Acórdão do Supremo Tribunal de Justiça n.º 6/2018

Data de publicação14 Novembro 2018
SectionSerie I
ÓrgãoSupremo Tribunal de Justiça

Acórdão do Supremo Tribunal de Justiça n.º 6/2018

Processo n.º 215/15.7T8ACB.C1-A. S1

Recurso extraordinário de fixação de jurisprudência

Acordam no Pleno das Secções Criminais do Supremo Tribunal de Justiça:

I

1 - No âmbito do processo n.º 215/15.7T8ACB.C1-A, e após prolação do acórdão do Tribunal da Relação de Coimbra, de 09.01.2017, a arguida Plásticos Injecção Molding, Lda. (pessoa coletiva n.º 500 678 626, melhor identificada nos autos), veio interpor o recurso extraordinário para fixação de jurisprudência, nos termos dos arts. 437.º, n.º 2 e 438.º, n.º 1, do Código de Processo Penal (doravante CPP), com fundamento em oposição entre o acórdão referido e o acórdão de 18.04.2012, do mesmo Tribunal da Relação de Coimbra, e prolatado no âmbito do processo n.º 430/11.2TBMLD.C1.

Em síntese, alega que os acórdãos em confronto estão em oposição sobre a mesma questão de direito relativa à possibilidade (ou não) de aplicação de admoestação [nos termos do art. 51.º, do Decreto-Lei n.º 433/82, de 27.10 (e alterações posteriores: Decreto-Lei n.º 356/89, de 17.10, Decreto-Lei n.º 244/95, de 14.09, Decreto-Lei n.º 323/2001, de 17.12 e Lei n.º 109/2001, de 24.12 - Regime Geral das Contraordenações, doravante RGCO)], às contraordenações ambientais graves, previstas no art. 34.º, n.º 2, do Decreto-Lei n.º 78/2004, de 03.04 [Regime da prevenção e controlo das emissões poluentes para a atmosfera; este diploma sofreu alterações pelo Decreto-Lei n.º 126/2006, de 03.07, tendo sido recentemente revogado pelo Decreto-Lei n.º 39/2018, de 11.06: cf. art. 43.º, al. a)].
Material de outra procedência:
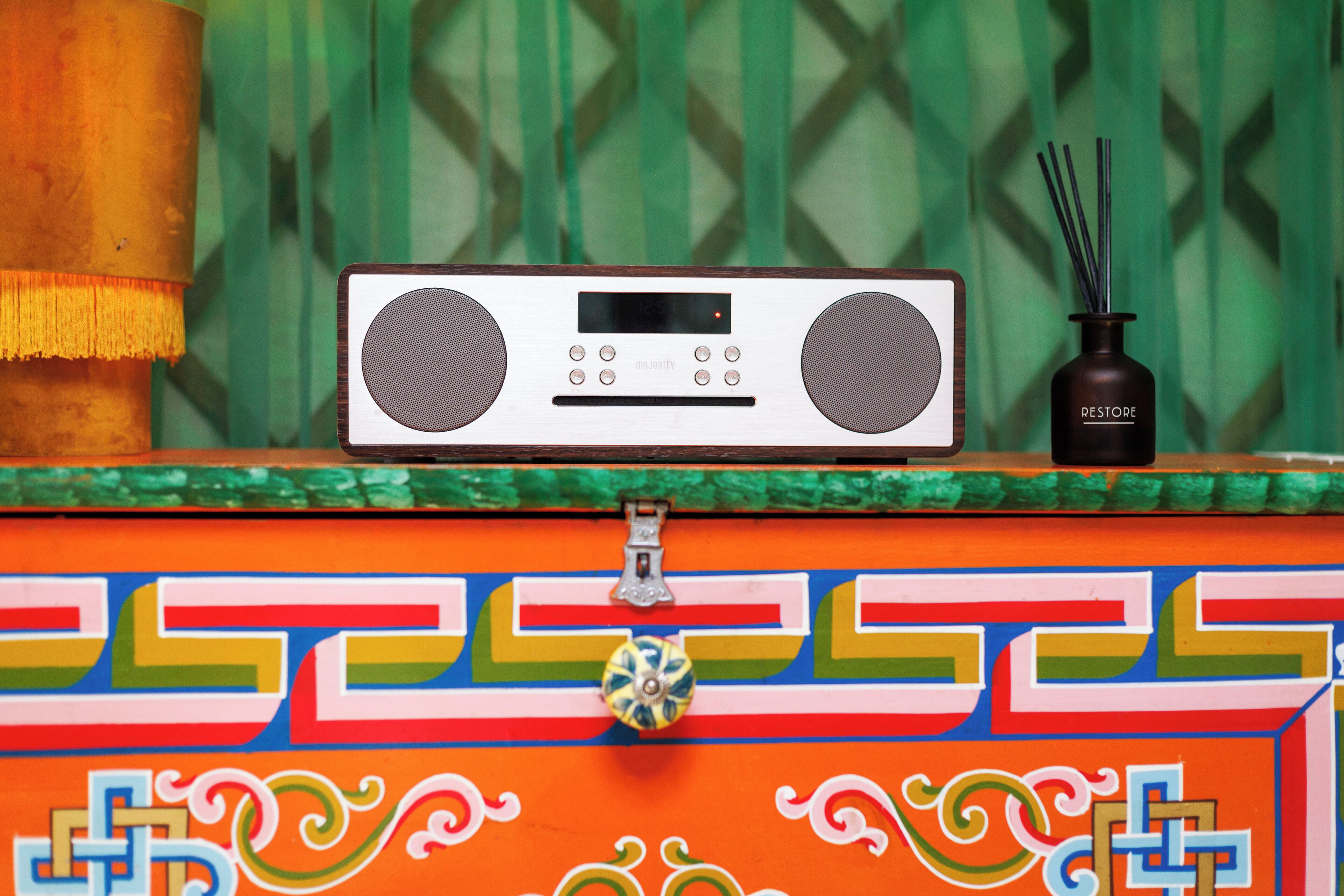A radio and reed diffuser on a colorful, patterned surface.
2 - Em conferência, por acórdão de 17.05.2017, foi decidido que o recurso devia prosseguir por se verificar a necessária oposição de julgados sobre a mesma questão fundamental de direito, em situações factuais idênticas, e no domínio da mesma legislação.
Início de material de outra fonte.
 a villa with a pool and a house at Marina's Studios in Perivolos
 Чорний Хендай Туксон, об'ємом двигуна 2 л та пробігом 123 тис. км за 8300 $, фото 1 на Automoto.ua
3 - Após o cumprimento do disposto no art. 442.º, n.º 1, do CPP, o recorrente e o Ministério Público apresentaram as alegações.

3.1 - O recorrente concluiu as suas alegações nos seguintes termos:

«1.º Nos presentes autos o Tribunal de 1.ª Instância julgou improcedente as impugnações judiciais instauradas pela aqui Recorrente, a primeira impugnação da decisão administrativa proferida pela Inspecção-Geral do Ambiente e do Ordenamento do Território que indeferiu o requerimento de redução da coima e a segunda impugnação interposta da decisão administrativa proferida pela Inspecção-Geral da Agricultura, do Mar, do Ambiente e do Ordenamento do Território (IGAMAOT) que condenou a mesma numa coima de 3.000,00(euro) e custas no valor de 100,00(euro) e em consequência manteve a decisão proferida IGAMAOT no âmbito da qual aplicou à Recorrente uma coima no valor de 3.000,00(euro), pela prática da contraordenação de violação da obrigação de autocontrolo prevista nos artigos 18.º e alínea d) do n.º 2 do artigo 34.º do Decreto-Lei n.º 78/2004, de 3 de Abril, com as alterações introduzidas pelo Decreto-Lei n.º 126/2006 de 3 de Julho conjugado com a Portaria n.º 80/006 de 23.01.2006 e a condenou também em custas no valor de 100,00(euro).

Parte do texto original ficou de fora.